The Insight / Breakthrough Thinking (30% of vote)
When word of a shortage of paper and ink got out, An-Nahar investigated the issue to uncover the truth. An-Nahar’s findings would confirm the reality of a shortage, as well as the government’s convenient and intentional inaction about it. An-Nahar, with a responsibility to protect democratic rights, was determined to deliver a solution.
So we started deconstructing the problem. A shortage of paper and ink was hindering our democracy during one of Lebanon’s most critical crises. Paper and ink were what our country needed to maintain the election. To channel people’s pain, anger and resentment into representation and positive change. To quash the government’s excuse to silence people’s voices. We spotted an unmissable opportunity: donate our paper and ink to secure election provisions. We would go paperless so the people can remain voiceful. We would not save ink and paper, we would save democracy.
The Creative Idea (20% of vote)
An-Nahar went silent for the first time in its 88 years of existence. On February 2nd, trucks delivered the days’ entire supply of paper and ink to the government’s printing associate, to secure the printing of voting ballots.
With this move, An-Nahar would send the Lebanese government a powerful message, that none of their excuses would take away the decisive election.
On February 1st, the newspaper’s editor-in-chief announced a special election issue, coming out the next day.
But that special election issue was never printed. Instead, people walked to the newsstands to find empty racks displaying a single message: The ink and paper intended for today’s edition has been sent towards the printing of voting ballots for the 2022 election. A QR code directed people to the online version of the newspaper, which explained the cause behind the issue that never went to print.
The Outcome / Results (20% of vote)
The non-existent edition went viral with people supporting the movement on social media and taking part in their own way to safeguard the election.

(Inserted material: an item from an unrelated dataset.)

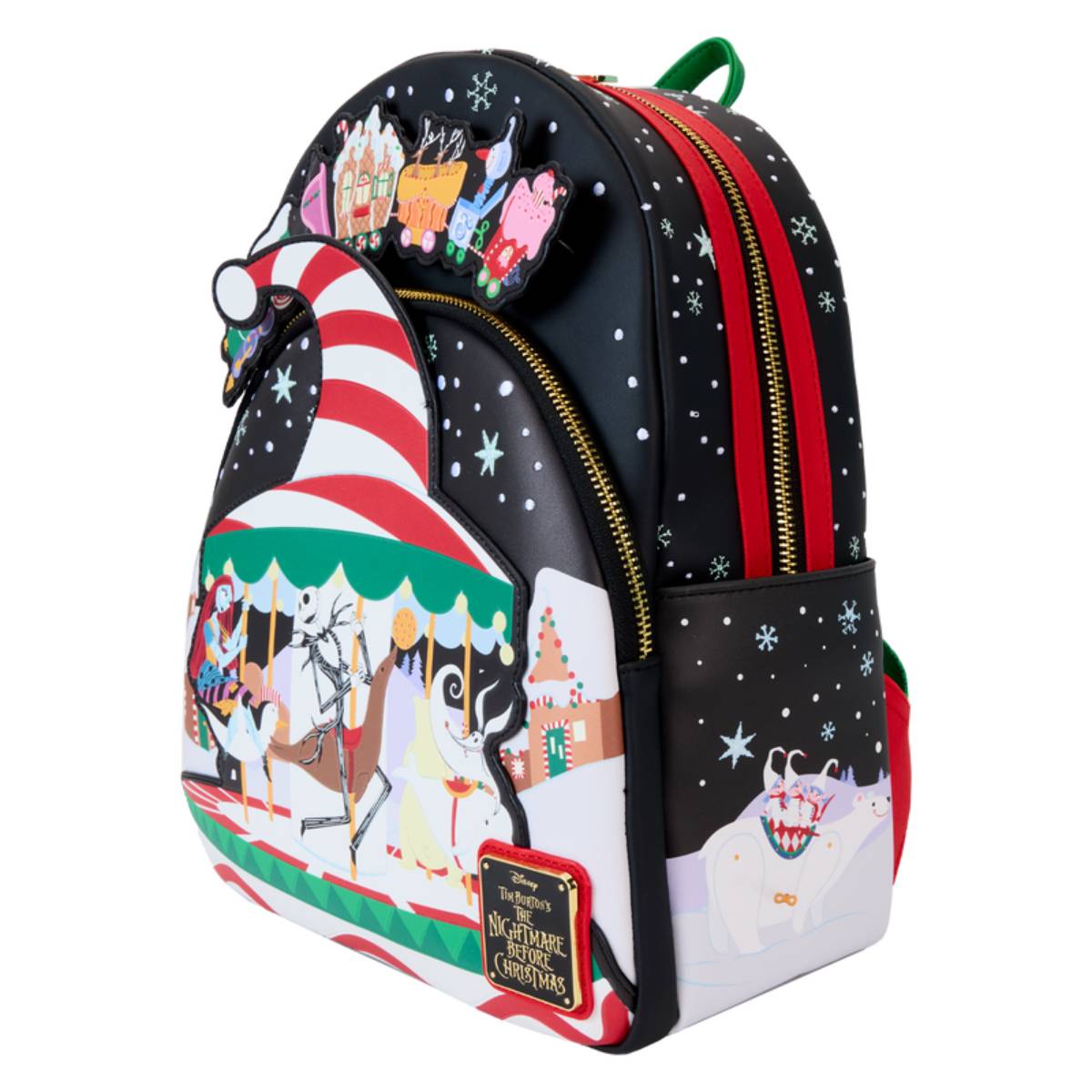 Loungefly Disney The Nightmare Before Christmas Glow Mini Backpack - Multicolor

In a symbolic show of support for an entire nation’s cause, people made donations of paper, books, and magazines to the government. Lebanese magazines and press companies also joined the movement by donating printing provisions.
The campaign was heavily covered locally by political shows, top broadcast channels and competing newspapers. Even election candidates joined in, offering support for the movement.
The online edition that day became the highest-read in AnNahar's history.
Enough paper and ink has been donated from this movement to print ballots for the entire voting population of Lebanon. As of now, the Lebanese elections are scheduled to go ahead as planned. And the government has stopped mentioning the shortage of paper and ink to print ballots.
Please tell us how the brand purpose inspired the work
Since the last parliamentary elections in 2018, Lebanon has undergone compounding crises: a revolution, a devastating economic collapse, a mismanaged pandemic, and an explosion that killed hundreds. All fingers point at unrelenting corruption, poor governance and impunity.
Lebanon’s physically and emotionally scarred citizens feel governed against their will, held hostage by a system they can no longer condone. The upcoming 2022 election embodies the only faint hope to regain some control over their lives and channel their pain, resentment and anger into representation for a viable path towards real change.
An-Nahar has been the voice of the people since 1933 and has had a pivotal role in the key periods of Lebanon’s history. And so, An-Nahar would do everything in its power to prevent the sabotaging of a long-awaited and rightful electoral process.